Il y a deux ans, j'étais entourée d'amis, qu'on a expulsés en si grand nombre du tribunal en leur enjoignant d'attendre dehors. Dans les embrassades et rires après notre libération, l'un deux m'a dit en plaisantant, “Heureusement, la révolution est presque terminée et je n'ai toujours pas été arrêté ; c'est pas juste !”
Hiba poursuit :
Deux ans après, un des cinq jeunes avec qui j'avais été prise à cause de la manifestation pacifique est à de nouveau manquant. Il est étudiant en médecine, médecin de terrain, et est détenu dans d'affreuses conditions depuis près d'un an.
Les amis qui attendaient devant le tribunal rue Al-Nasr, ou rue “de la Victoire”, sont maintenant dispersés à travers le monde. Certains sont en Amérique, d'autres à Berlin, Istanbul, en Irak, à Beyrouth et Amman, et j'en passe. D'autres sont restés à Damas. Ou encore sont dans les zones “libérées”.
Dans son texte, elle décrit la situation en Syrie aujourd'hui :
Deux ans plus tard, les enfants dans le sud de Damas, assiégés et affamés, mangent les miettes ramassées dans la rue.

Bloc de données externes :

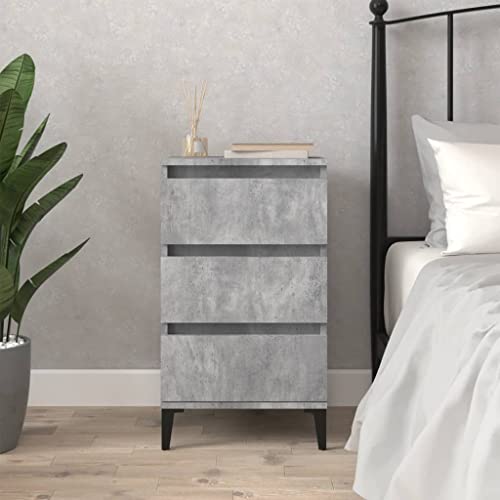 Nachttisch Betongrau mit 3 Schubladen, 40x35x70 cm, robuster Holzwerkstoff, Stabiler Metallfuß-Beistelltisch für Schlafzimmer, Wohnzimmer & Büro, langlebige Aufbewahrung Nachttisch Betongrau mit 3 Schubladen, 40x35x70 cm, robuster Holzwerkstoff, Stabiler Metallfuß-Beistelltisch für Schlafzimmer, Wohnzimmer & Büro, langlebige Aufbewahrung von Tonture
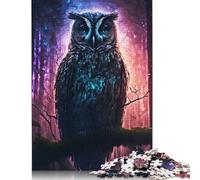 Paint Owl In Forest 500 Piece Jigsaw Puzzle for Adult Toy Intellectual Game Educational Game for Adult Stress Relief Home Decoration 500pcs (52x38cm)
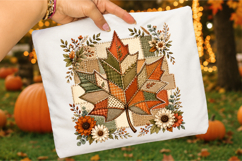 Fall Patchwork Leaf PNG,Rustic Burlap Maple Design Product Image 3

Alep, ou ce qu'il en reste, tombe en ruines sous les bombardements aux barils de TNT. Le beau village de Kessab est bombardé par Assad, malgré tous les panneaux d'avertissement. Les obus de mortier tombent sur le centre de Damas, probablement [tirés] par des rebelles qui ne savent pas ce qu'ils font. Une douzaine de prisonniers au moins meurent chaque jour sous la torture. Zehran Alloush du maudit “Front Islamique” appelle au nettoyage ethnique de la côte. Les militants de la société civile sont détenus et massacrés par l'EIIL. Les Syriens atteignent des sommets d'expression artistique et de nombre de réfugiés. Les journalistes volent en avions de chasse. Les combattants sont partout et la nourriture nulle part.
Et d'ajouter :
Il y a deux ans, jamais nous n'aurions cru que tout s'effondrerait. Il y a deux ans jamais nous n'aurions imaginé cette épidémie de haine et de mort.
Il y a deux ans, un ami palestinien se tenait devant l'Université de Damas et faisait part de ses prédictions sur les événements. Il respirait l'autorité, avec son keffieh noir et blanc, la veste en cuir, les cigarettes à la chaîne, et la tête pleine de Marx, d'histoire et de politique.
“L'aviation américaine va intervenir et nous bombarder plusieurs fois ici à Damas. Rien à voir avec ce que le régime fait en ce moment avec Homs, mais ça fera mal, après tout nous sommes la capitale. Il y aura des dommages collatéraux, mêmes nous peut-être [serons victimes], mais Assad s'en ira et nous pourrons nous mettre à réparer les dégâts.”
Pour conclure :
Deux ans après, nous avons tout faux.